» Problem requirements
Go to the line holding "Lumina Garden 300" in the data below and repeat it exactly, then each line after it up to and including the one holding "SB Route Ashe vs Jhin Bot - KR Patch 10.22". Omit pictures.

» Dataset entries
━━━━

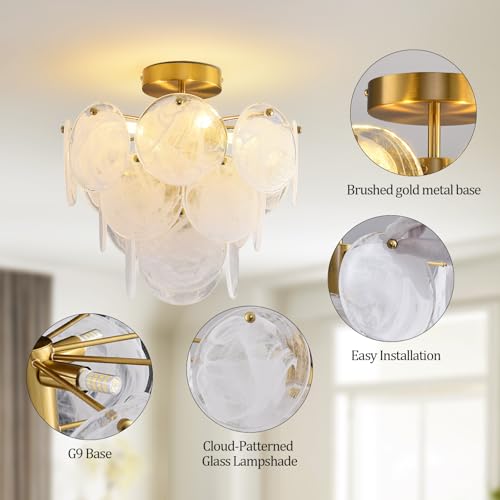 Gold White Cloud Glass Ceiling Light Fixture Modern Semi Flush Mount Round Lighting for Bedroom Living Room Foyer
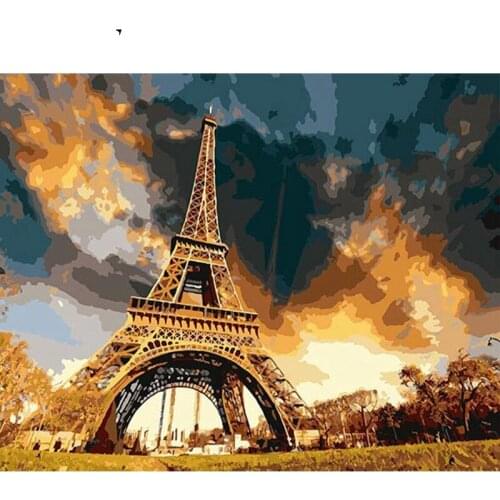 Dusk Tower Paintings By Numbers DIY Pictures Oil Coloring By Numbers Set Gift Drawing By Numbers Canvas Decor New Arrivals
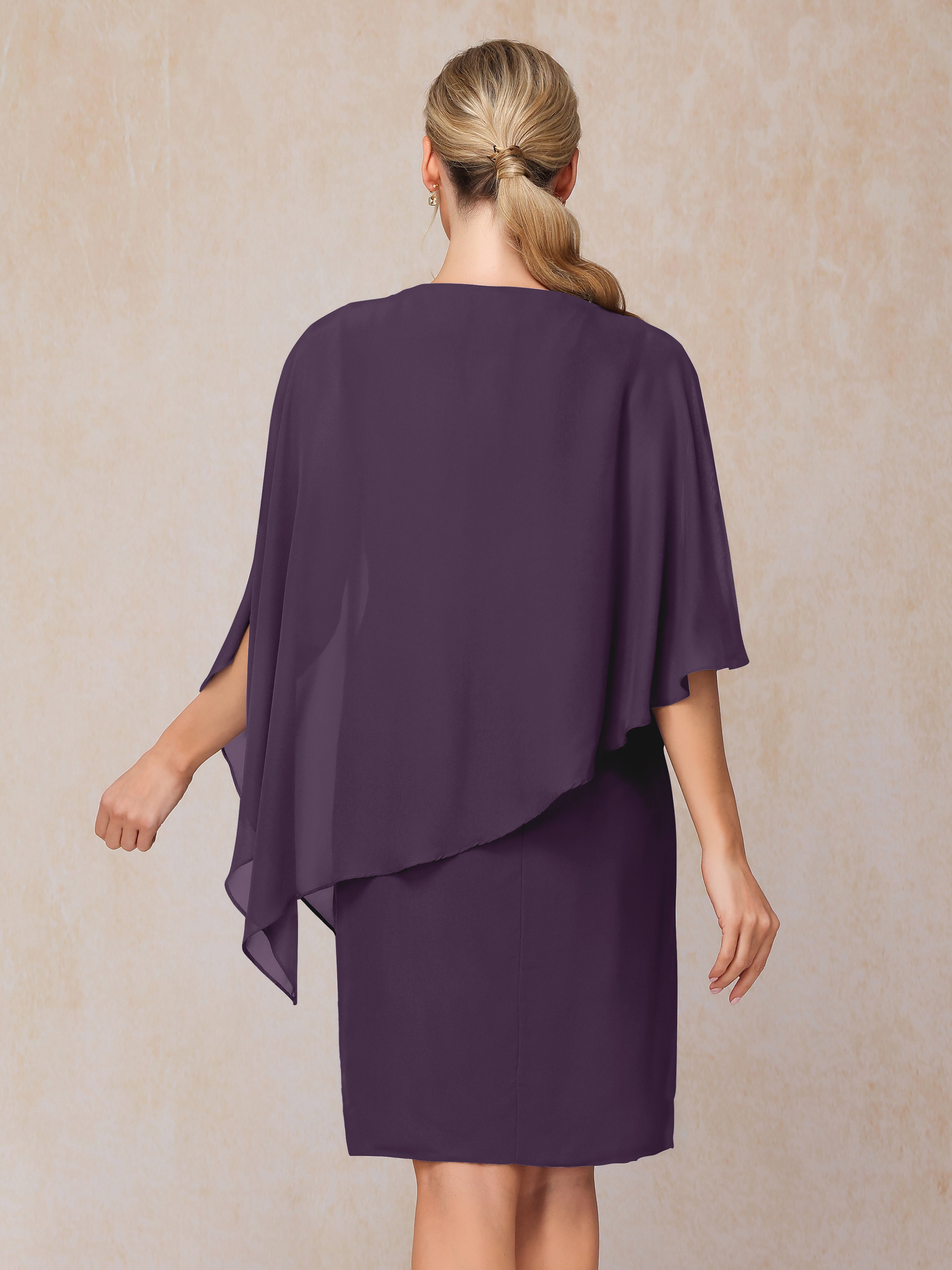 Knee Length Short Sleeves Chiffon Mother Of The Groom Dress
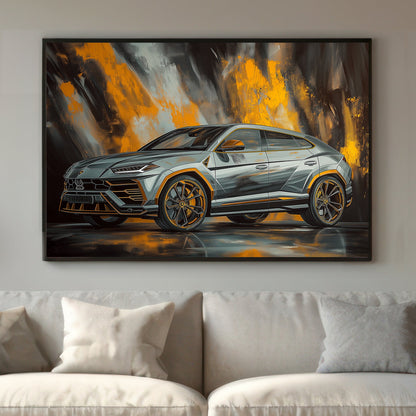 Lamborghini Urus with a sleek design, set against a bold black and orange abstract background.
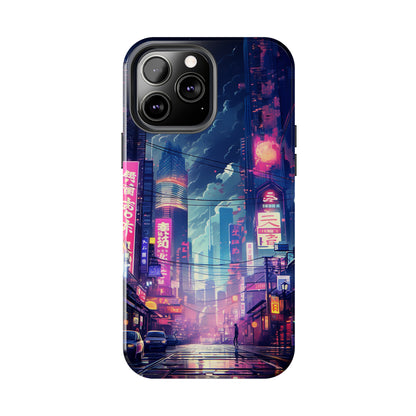 Synthwave Japanese Cyberpunk Night City iPhone Case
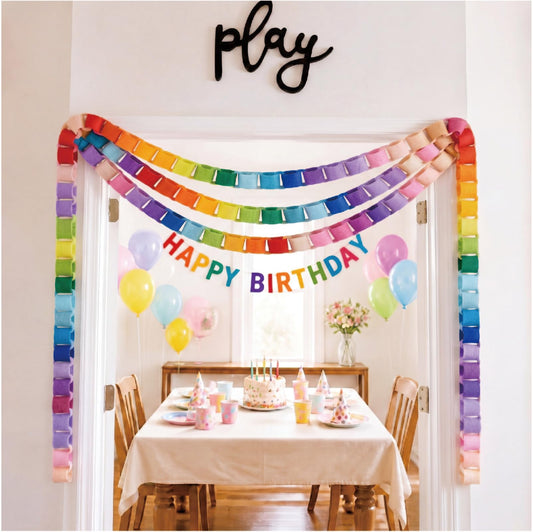 Lumina Garden 300 Sheets Felt Chain Strip with Glue, Reusable Paper Chains 2.36 x 8 Inch Colorful Garland Strip for Birthday Party Home Decorations DIY Crafts Supplies (Rainbow Color)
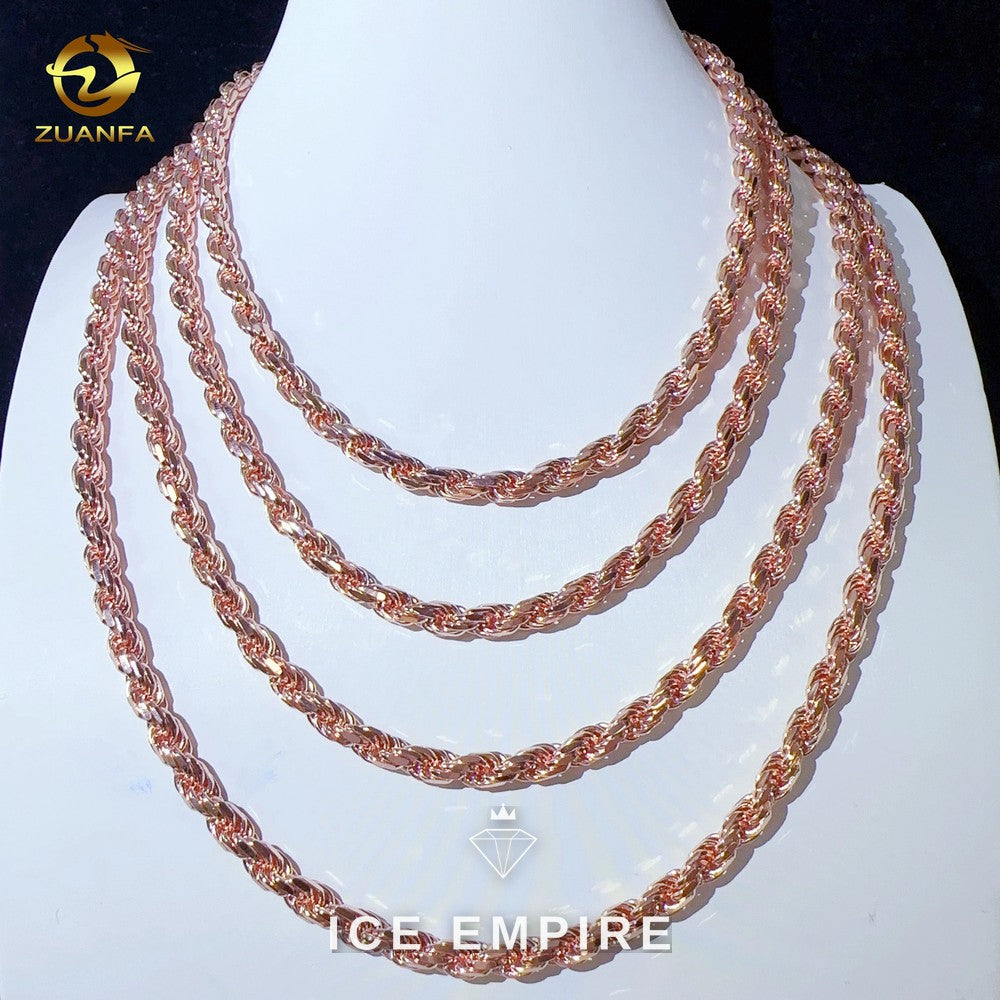 Iced Out Rose Gold Plated Moissanite Cuban Chain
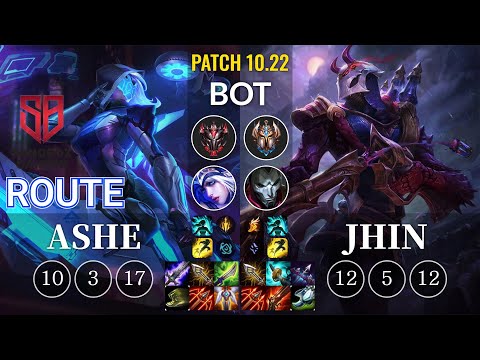 SB Route Ashe vs Jhin Bot - KR Patch 10.22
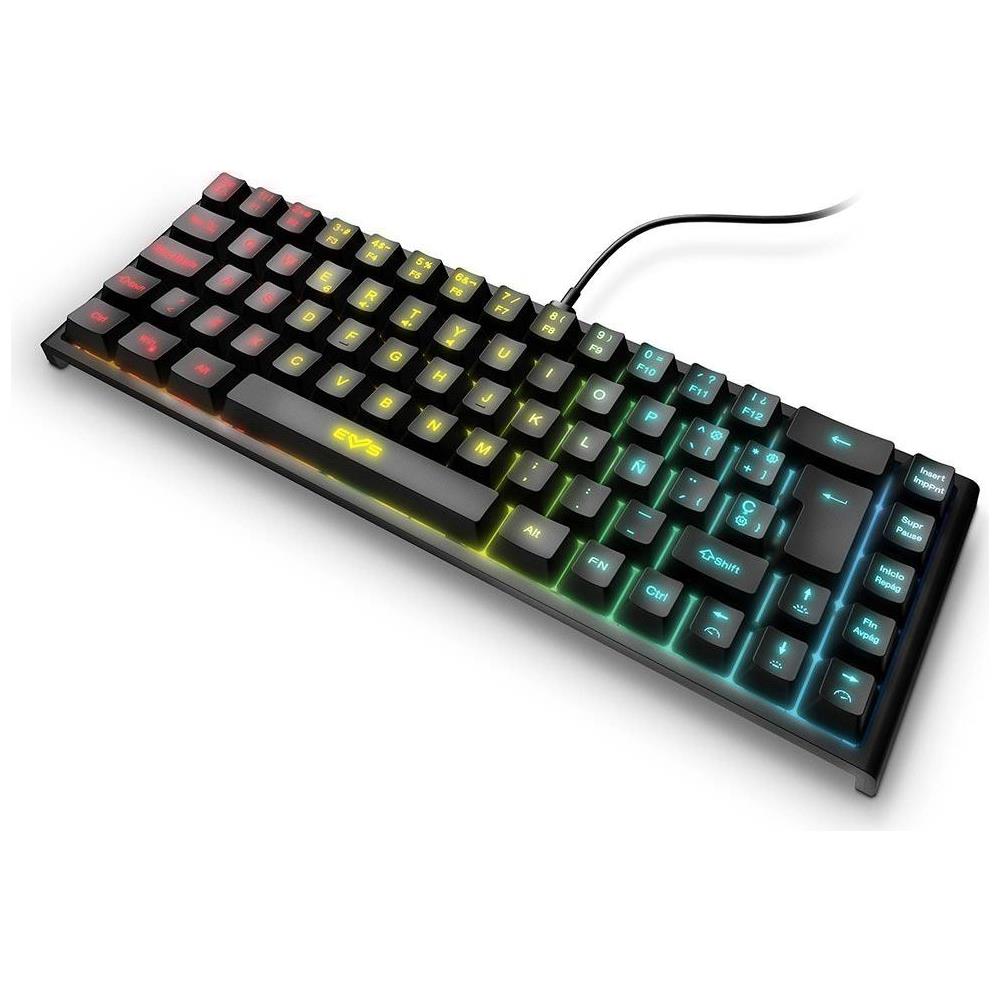Tastiera Gaming ESG K4 KOMPACT-RGB Layout Spagnolo Nero - Foto 2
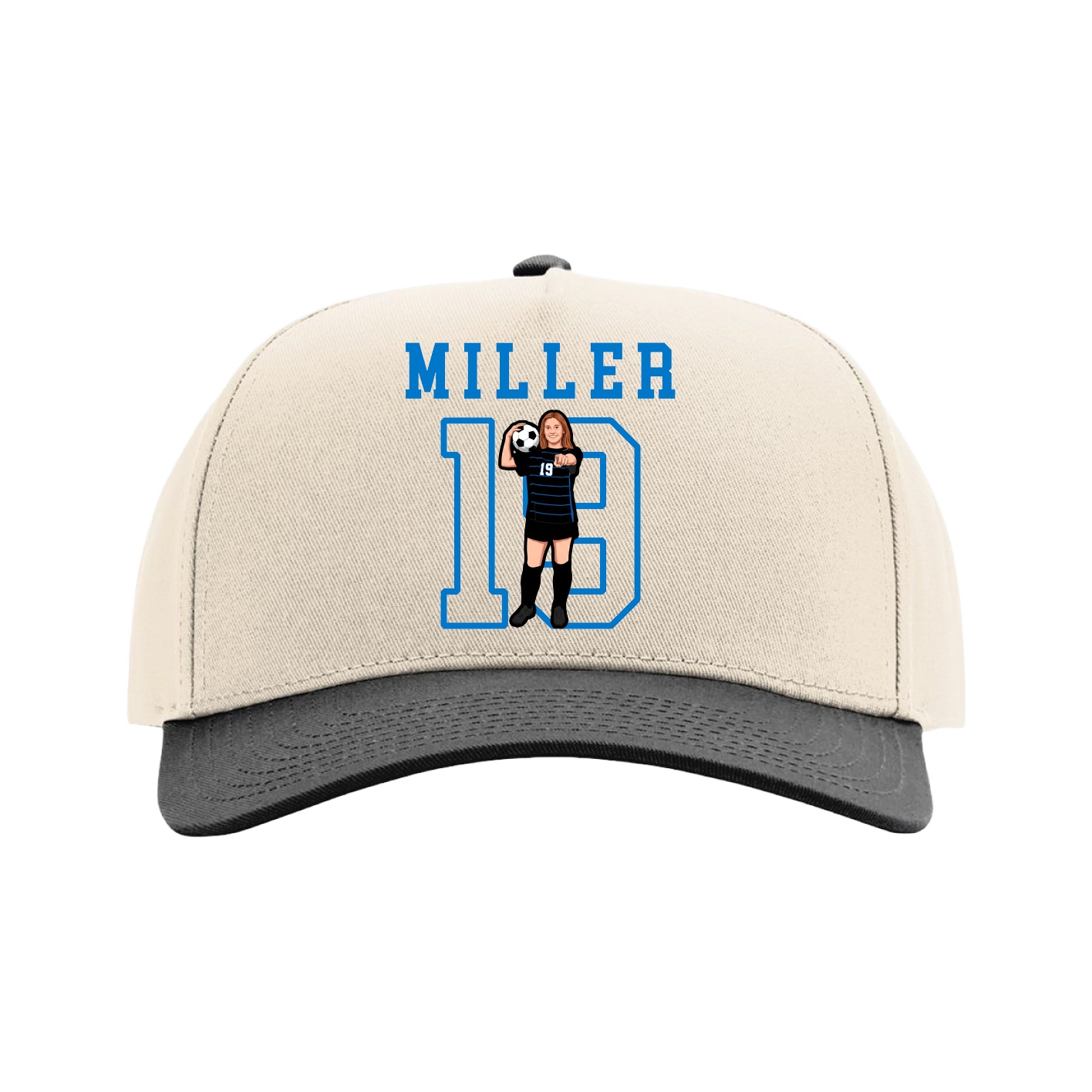 Full Fabric Five-Panel Champ Cap — Shirsey in Cream/Black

━━━━

» Response to this task
 Lumina Garden 300 Sheets Felt Chain Strip with Glue, Reusable Paper Chains 2.36 x 8 Inch Colorful Garland Strip for Birthday Party Home Decorations DIY Crafts Supplies (Rainbow Color)
 Iced Out Rose Gold Plated Moissanite Cuban Chain
 SB Route Ashe vs Jhin Bot - KR Patch 10.22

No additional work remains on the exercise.